Assistant Government Whip
- In office 16 February 2023 – 25 April 2024
- Prime Minister: Rishi Sunak
- Preceded by: Stuart Anderson
- Succeeded by: Paul Holmes

Lord Commissioner of the Treasury
- In office 7 February 2023 – 16 February 2023
- Prime Minister: Rishi Sunak

Member of Parliament for Rushcliffe
- In office 12 December 2019 – 30 May 2024
- Preceded by: Kenneth Clarke
- Succeeded by: James Naish

Personal details
- Born: Ruth Rosamond Davis 11 May 1984 (age 42) Bristol, England
- Party: Conservative
- Spouse: Owen Edwards ​(m. 2019)​
- Alma mater: London School of Theology (BA) University of Bristol (MSc)

= Ruth Edwards =

British politician (born 1984)

Ruth Rosamond Edwards (née Davis; born 11 May 1984) is a British politician who served as the Member of Parliament (MP) for Rushcliffe from the 2019 general election until the 2024 election. A member of the Conservative Party, she worked in cybersecurity policy prior to her political career.

==Early life and career==
Edwards was born in Bristol as the daughter of Christopher Charles Davis and Nelly Davis. She was privately educated at Clifton High School, Bristol, before studying theology at the London School of Theology, where she gained a First Class BA in Theology. She went on to complete a master's MSc degree in International Development and Security at the University of Bristol, achieving a Distinction. After graduation, she worked as a parliamentary researcher for then Shadow Minister for Home Affairs and Counter Terrorism Crispin Blunt. She then worked as a strategy consultant for Deloitte from 2010 to 2012.

Edwards subsequently worked as a specialist for the Home Affairs Select Committee from 2012 to 2013. She then completed a crime and justice research fellowship at the think tank Policy Exchange in 2013. She left Policy Exchange to become Head of Cyber, Justice and Emergency Services at the trade association TechUK, where she worked from 2013 to 2015. After this, Edwards worked as the head of commercial strategy and public policy for the telecommunications company BT from 2015 to 2019.

==Parliamentary career==
Edwards stood as the Conservative candidate for the Liberal Democrat-held Ceredigion seat at the 2017 general election, where she came fourth.

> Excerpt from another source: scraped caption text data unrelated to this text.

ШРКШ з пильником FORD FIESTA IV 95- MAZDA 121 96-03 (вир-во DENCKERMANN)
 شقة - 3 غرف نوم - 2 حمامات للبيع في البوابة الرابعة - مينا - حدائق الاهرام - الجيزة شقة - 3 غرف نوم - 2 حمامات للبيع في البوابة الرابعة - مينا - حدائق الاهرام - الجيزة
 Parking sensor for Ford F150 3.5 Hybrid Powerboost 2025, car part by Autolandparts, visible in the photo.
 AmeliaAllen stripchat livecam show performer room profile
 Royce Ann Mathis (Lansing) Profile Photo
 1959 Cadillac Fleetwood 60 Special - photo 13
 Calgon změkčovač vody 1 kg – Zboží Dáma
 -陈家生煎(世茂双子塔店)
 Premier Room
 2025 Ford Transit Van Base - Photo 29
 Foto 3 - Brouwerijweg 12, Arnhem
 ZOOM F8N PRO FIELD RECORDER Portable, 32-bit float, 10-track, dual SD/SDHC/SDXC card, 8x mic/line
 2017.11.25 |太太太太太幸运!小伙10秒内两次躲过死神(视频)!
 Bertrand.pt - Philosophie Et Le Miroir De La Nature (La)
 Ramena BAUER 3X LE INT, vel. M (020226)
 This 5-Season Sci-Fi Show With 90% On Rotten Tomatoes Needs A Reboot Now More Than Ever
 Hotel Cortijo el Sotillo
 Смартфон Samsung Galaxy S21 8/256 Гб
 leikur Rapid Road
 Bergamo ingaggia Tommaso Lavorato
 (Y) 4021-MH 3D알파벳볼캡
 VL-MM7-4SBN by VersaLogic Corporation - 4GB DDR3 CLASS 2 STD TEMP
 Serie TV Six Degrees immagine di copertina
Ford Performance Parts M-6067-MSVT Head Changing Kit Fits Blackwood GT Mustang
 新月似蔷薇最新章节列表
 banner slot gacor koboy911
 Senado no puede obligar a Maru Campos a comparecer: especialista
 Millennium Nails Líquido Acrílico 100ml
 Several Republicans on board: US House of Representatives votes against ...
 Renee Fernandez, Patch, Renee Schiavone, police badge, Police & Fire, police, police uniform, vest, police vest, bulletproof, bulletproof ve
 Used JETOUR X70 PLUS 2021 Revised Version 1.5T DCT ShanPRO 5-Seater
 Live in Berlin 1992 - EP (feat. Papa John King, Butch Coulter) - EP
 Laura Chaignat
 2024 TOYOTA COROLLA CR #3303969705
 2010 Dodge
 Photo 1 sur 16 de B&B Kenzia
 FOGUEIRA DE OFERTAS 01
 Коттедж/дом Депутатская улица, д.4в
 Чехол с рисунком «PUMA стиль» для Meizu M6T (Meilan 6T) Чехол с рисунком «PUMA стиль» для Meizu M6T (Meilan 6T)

In 2019 Edwards was selected as the candidate for the seat of Rushcliffe on 16 October 2019. The seat had previously been represented by Father of the House, and former Chancellor of the Exchequer Kenneth Clarke since 1970, who announced his retirement on 27 June. Edwards was elected with a majority of 7,643 in the 2019 general election. She was a member of the Home Affairs Select Committee from March 2020 to November 2021.

Edwards was the Parliamentary Private Secretary to the Secretary of State for Scotland Alister Jack between February 2020 and July 2022. She resigned from the role in July 2022 in protest against Prime Minister Boris Johnson's handling of the Chris Pincher scandal. She accused him of leading a government which "turned a blind eye to allegations of sexual assault within its own ranks."

In 2020 Edwards voted not to call on the Government to develop and implement a plan to eliminate the substantial majority of transport emissions by 2030. Ruth Edwards has generally voted against measures to prevent climate change.

In 2023, Edwards served as a junior Government Whip in the Department for Work and Pensions, before moving to serve as the junior whip in Department for the Environment, Food and Rural Affairs, and the Department for Health and Social Care.

Outside of her parliamentary role, she was also an adviser to the HR payroll software company MHR, for which Mongoose Bridges, a company that she co-owns with her husband, received £5,000 a month between May 2021 and December 2021.

Edwards endorsed Rishi Sunak during the July–September 2022 Conservative Party leadership election. She lost her bid for re-election in the 2024 election.

==Post-parliamentary career==
Since her defeat at the 2024 general election, Edwards has worked as a Partner for communications agency 10 Years Ahead.

==Personal life==
She married Owen Edwards in July 2019. They met during her 2017 general election campaign, when he was the chairman of Ceredigion's Conservative Association.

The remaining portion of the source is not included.